» **Work instructions**: Search the records below for the line containing "this 450×320 image.". Write out that line and every line after it exactly as written.

» **Information given**:
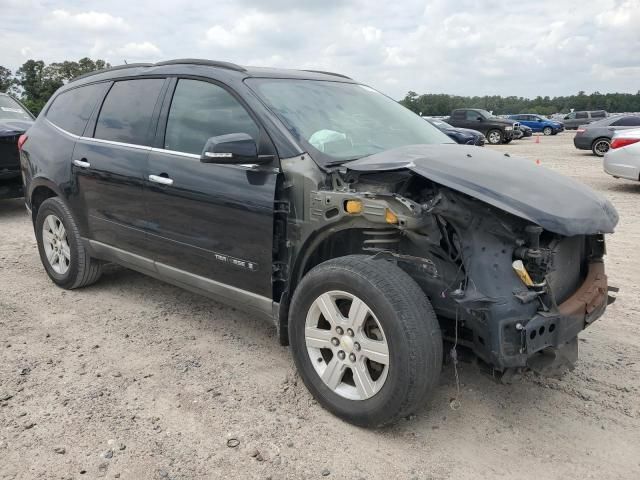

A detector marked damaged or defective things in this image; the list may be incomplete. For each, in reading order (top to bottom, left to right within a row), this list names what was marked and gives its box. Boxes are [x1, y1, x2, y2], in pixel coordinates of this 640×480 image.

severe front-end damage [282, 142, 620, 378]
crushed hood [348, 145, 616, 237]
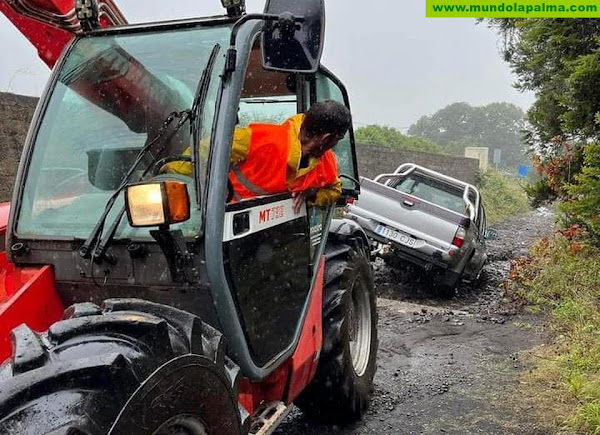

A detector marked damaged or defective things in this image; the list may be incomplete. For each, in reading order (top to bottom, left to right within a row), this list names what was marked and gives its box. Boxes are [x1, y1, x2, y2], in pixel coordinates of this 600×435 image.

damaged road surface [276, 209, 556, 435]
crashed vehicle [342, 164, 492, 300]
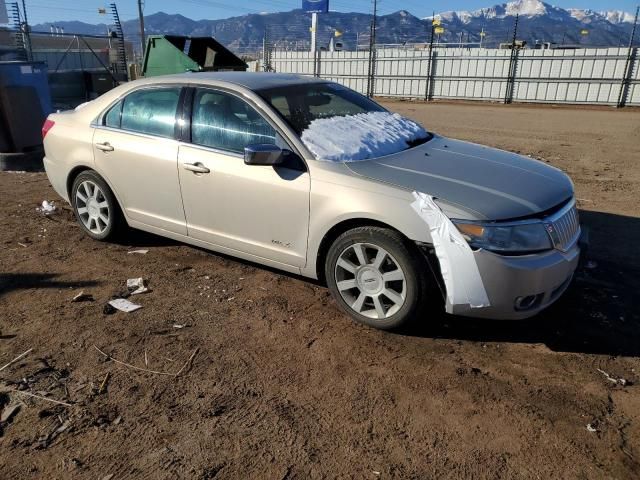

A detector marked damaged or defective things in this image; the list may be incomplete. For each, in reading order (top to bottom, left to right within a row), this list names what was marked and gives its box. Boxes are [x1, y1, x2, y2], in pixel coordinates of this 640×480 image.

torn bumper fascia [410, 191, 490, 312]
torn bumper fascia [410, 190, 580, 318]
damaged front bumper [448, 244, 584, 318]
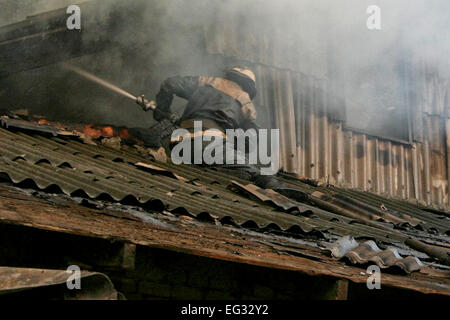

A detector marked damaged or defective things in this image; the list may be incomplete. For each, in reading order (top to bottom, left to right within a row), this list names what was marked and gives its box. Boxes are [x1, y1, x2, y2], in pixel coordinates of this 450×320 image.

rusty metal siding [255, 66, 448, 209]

» **Expected output**:
A detector marked damaged or defective things in this image; the list may be incomplete. For each, in reading order (top to bottom, left to right within a row), this list names what was marked and gives its box. Boxes are [x1, y1, x2, y2], in pixel coordinates of this 450×320 image.

rusty metal siding [255, 66, 448, 209]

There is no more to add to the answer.